Your objective → An exact repetition of the data is required; no picture should appear in it.

Dataset content →
○ ○ ○ ○ ○ ○ ○

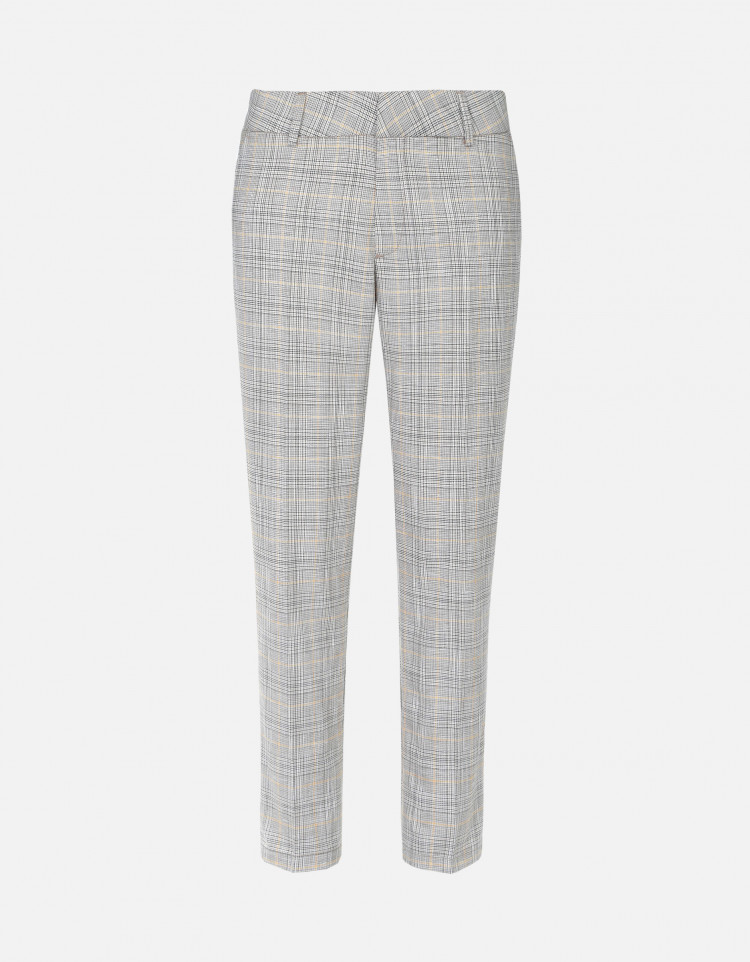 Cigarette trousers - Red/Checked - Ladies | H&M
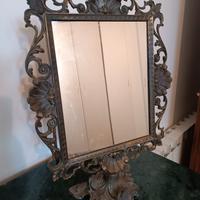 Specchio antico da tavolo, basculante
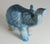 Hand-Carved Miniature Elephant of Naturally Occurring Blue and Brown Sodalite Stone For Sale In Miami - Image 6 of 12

○ ○ ○ ○ ○ ○ ○

Written solution →
 Cigarette trousers - Red/Checked - Ladies | H&M
 Specchio antico da tavolo, basculante
 Hand-Carved Miniature Elephant of Naturally Occurring Blue and Brown Sodalite Stone For Sale In Miami - Image 6 of 12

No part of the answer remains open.